As momentous an occasion as it is when an oil jurisdiction actually puts limits on growth, 100 million tons of carbon a year at a time when science is demanding bold reductions is still far too much. While historic, the government’s cap needs to be viewed as a ceiling rather then a floor and a ceiling that we will need to work like crazy to ratchet down until it meets the science.

On the good side what the current cap does mean is that the two-to-five fold expansion the tar sands industry had planned will not happen.

It means the 2,270,820 barrels a day already approved will stay in the ground, the 1,890,850 barrels a day in the application process will never see the light of day and the 1,923,00 barrels a day disclosed and announced will go no further then that. That’s 6,084,670 barrels a day that the government helped stop today and 154.07 million tons of carbon a year that we will be keeping from getting poured into the atmosphere.

All I have to say to that is bam!

Investors better take note and start moving away from high carbon assets as soon as they can.

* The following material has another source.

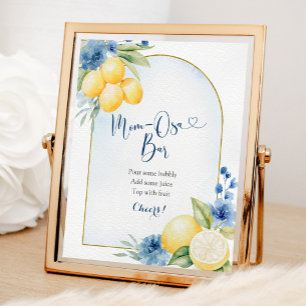 Blue Floral Lemon Main Squeeze Mama osa Bar Poster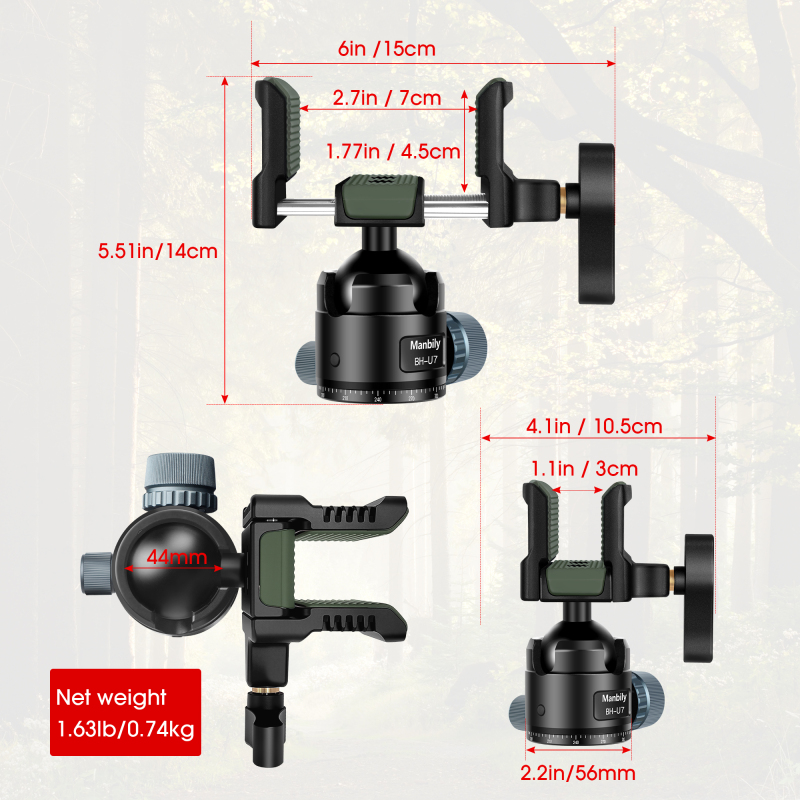 Manbily Professional Aluminum Gun Silicone Clamp Double Lock Ball Head for Hunting Tripod Mount Shooting Stick Rest BH-U7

The Alberta government also started investing in solutions. By 2030, 30 percent of Alberta’s electricity will come from renewable energy sources (the same year that the province just committed to phasing out coal). In addition the province also announced supports for energy efficiency, mass transit and the start of an economy-wide carbon tax that will start providing the resources to make it all happen.

It was people power that did that.

People concerned about Indigenous rights, about health, about a growing climate crisis and about the lack of sustainable solutions that came together and worked for years, in some cases decades, to make todays victory possible.

It’s because we raised our voices, because we marched, danced, risked arrest and organized community to community that we were able to stand up to the largest corporations on the planet and win. Photo credit: Greenpeace / Robert van Waarden

It’s because we raised our voices, because we marched, danced, risked arrest and organized community to community that we were able to stand up to the largest corporations on the planet and win.

People did that.

However, it’s not the end of the battle. Alberta still has a lot of work to do to meet the demands of climate science and the tar sands are still bigger that what the climate can handle. More change is necessary and possible. We need to be ready in the days ahead to keep up the pressure and turn it up. We need to continue to stop the pipelines, continue to constrain production and continue to push and mobilize for solutions till this plan meets the science and equity.

People will do this too.

Today is a historic moment for climate activism in Alberta and its one more win for the climate movement that continues to rack up victories right across North America.

Just two weeks ago the president of the U.S. rejected the Keystone XL tar sands pipeline ending a seven-year battle. Last week Prime Minister Justin Trudeau put the nail in Enbridge’s tar sands pipeline by directing his minister to implement a tanker ban on BC’s north shore. Add to that the growing successes of the fossil fuel divestment movement, the Keep It In the Ground bill seven American Senators including presidential candidate Bernie Sanders put forward, the Exxon climate investigation and the global movement we’re building to go 100 percent renewable and you can see together we are building quite the resume.

Two weeks ago the president of the U.S. rejected the Keystone XL tar sands pipeline ending a seven-year battle. Photo credit: Greenpeace

And we aren’t done yet.

It amazes me sometimes that so much beauty has come from such a horrific place, but it is because of this project that we found each other. We learned that as much as pipeline routes were pathways of destruction they were also maps of resistance. They showed us the communities we could connect to, the perspectives we could learn from and created lights of hope we could follow along the way. They taught us that when we worked together and supported each other, led by the original caretakers of the land, we could become an unstoppable force. And what a force we are.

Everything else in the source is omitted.